Desde el Concilio Vaticano II, en cambio más que sobre la causalidad, el acento se pone en otro de los aspectos relacionados con el uso bíblico y patrístico: el de signo e instrumento de comunión y encuentro con Cristo y con la Iglesia. Por el sacramento los esposos cristianos quedan insertados de una manera tan real y verdadera en el misterio y alianza de amor entre Cristo y la Iglesia que el Señor se sirve de ellos, «en cuanto esposos», como de instrumentos vivos para llevar a cabo su designio de salvación.
El marco de la historia de la salvación contribuye a resaltar la riqueza de la alianza matrimonial, que implica, entre otras cosas, no sólo el encuentro con Cristo de cada uno de los esposos, sino de «los dos» en cuanto esposos con Él. Su recíproca relación, asumida en la alianza Cristo-Iglesia, se transforma ontológicamente de tal manera que, como tales esposos, vienen a constituir una comunión-comunidad entre sí y con Cristo. En modo alguno pueden ser considerados como sujetos extrínsecos de la alianza realizada.
De todos modos, es evidente que una y otra perspectiva, en la consideración de la sacramentalidad del matrimonio, son complementarias.

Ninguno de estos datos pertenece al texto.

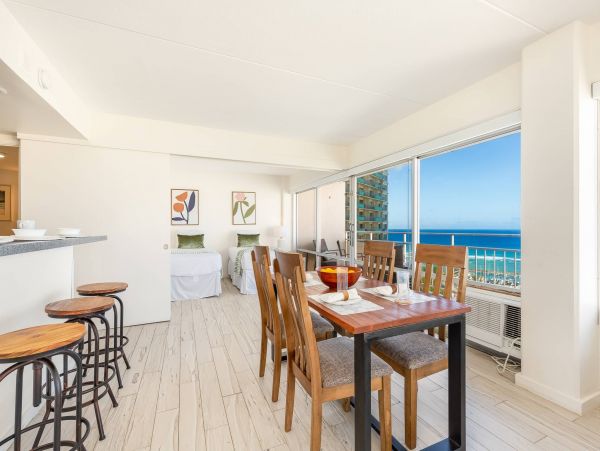 Gorgeous Ocean 2 Bedroom - 19th Floor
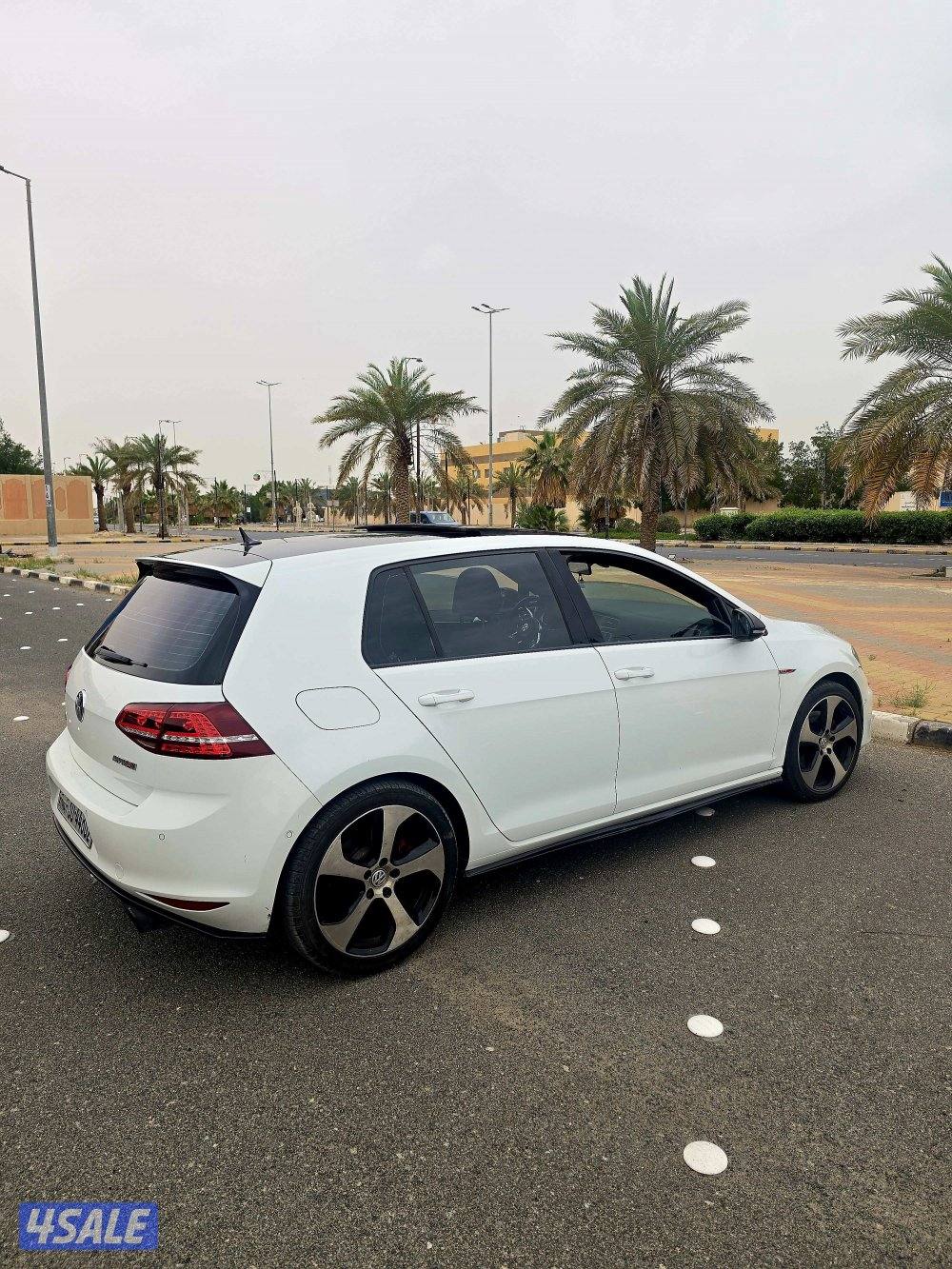 فولكسفاغن جولف موديل GTI 2014 كامل المواصفات شرط الفحص9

En la primera, la acción divina se considera en cuanto destinada a sanar, potenciar y elevar el amor de los esposos, a concederles los auxilios espirituales necesarios. En la segunda, sin excluir nada de esto, se parte sobre todo de la consideración de Cristo que sale al encuentro de los esposos para asumir el amor conyugal en el amor esponsal de Cristo por la Iglesia. Lo que se realiza por virtud de la encarnación y del misterio pascual, la nueva y eterna alianza, la alianza de comunión y salvación para todos.